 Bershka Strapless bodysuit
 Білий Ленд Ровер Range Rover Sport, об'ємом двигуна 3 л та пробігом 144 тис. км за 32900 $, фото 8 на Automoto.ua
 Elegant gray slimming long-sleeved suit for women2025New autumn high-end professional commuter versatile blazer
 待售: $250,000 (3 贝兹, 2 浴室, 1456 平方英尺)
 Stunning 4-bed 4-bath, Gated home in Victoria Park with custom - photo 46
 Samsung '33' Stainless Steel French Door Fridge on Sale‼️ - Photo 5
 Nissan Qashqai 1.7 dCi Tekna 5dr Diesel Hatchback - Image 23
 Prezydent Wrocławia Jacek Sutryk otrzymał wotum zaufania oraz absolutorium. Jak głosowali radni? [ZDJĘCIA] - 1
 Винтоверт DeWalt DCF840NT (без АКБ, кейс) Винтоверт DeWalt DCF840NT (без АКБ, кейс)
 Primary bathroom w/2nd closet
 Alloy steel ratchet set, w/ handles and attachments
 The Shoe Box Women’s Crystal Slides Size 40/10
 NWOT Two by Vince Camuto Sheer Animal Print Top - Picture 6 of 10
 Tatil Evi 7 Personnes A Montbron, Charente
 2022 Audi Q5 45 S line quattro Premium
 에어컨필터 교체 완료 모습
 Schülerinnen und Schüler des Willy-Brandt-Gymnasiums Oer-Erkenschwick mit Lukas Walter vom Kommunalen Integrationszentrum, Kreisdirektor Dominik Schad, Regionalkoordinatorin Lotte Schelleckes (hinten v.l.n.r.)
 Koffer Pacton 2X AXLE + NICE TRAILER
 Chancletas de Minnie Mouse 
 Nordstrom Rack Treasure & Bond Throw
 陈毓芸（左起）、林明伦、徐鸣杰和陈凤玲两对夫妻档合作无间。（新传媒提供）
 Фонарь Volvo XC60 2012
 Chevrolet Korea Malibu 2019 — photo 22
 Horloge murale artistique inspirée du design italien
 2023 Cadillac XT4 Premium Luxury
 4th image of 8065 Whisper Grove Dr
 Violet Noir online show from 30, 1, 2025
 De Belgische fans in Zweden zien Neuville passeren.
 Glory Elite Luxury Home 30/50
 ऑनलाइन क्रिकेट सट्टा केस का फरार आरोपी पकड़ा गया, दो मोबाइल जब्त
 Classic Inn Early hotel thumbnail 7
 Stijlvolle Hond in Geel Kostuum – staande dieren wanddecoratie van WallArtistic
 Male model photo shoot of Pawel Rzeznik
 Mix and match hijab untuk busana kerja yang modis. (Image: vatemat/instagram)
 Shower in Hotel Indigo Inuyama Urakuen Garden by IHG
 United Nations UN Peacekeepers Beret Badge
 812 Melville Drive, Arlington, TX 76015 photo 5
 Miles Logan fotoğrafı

◇ ◇ ◇ ◇ ◇

PROBLEM:
Give back, unchanged, the line containing "Horloge murale artistique" and each line that comes after it in the entries above, ending with the last.

TASK SOLUTION:
 Horloge murale artistique inspirée du design italien
 2023 Cadillac XT4 Premium Luxury
 4th image of 8065 Whisper Grove Dr
 Violet Noir online show from 30, 1, 2025
 De Belgische fans in Zweden zien Neuville passeren.
 Glory Elite Luxury Home 30/50
 ऑनलाइन क्रिकेट सट्टा केस का फरार आरोपी पकड़ा गया, दो मोबाइल जब्त
 Classic Inn Early hotel thumbnail 7
 Stijlvolle Hond in Geel Kostuum – staande dieren wanddecoratie van WallArtistic
 Male model photo shoot of Pawel Rzeznik
 Mix and match hijab untuk busana kerja yang modis. (Image: vatemat/instagram)
 Shower in Hotel Indigo Inuyama Urakuen Garden by IHG
 United Nations UN Peacekeepers Beret Badge
 812 Melville Drive, Arlington, TX 76015 photo 5
 Miles Logan fotoğrafı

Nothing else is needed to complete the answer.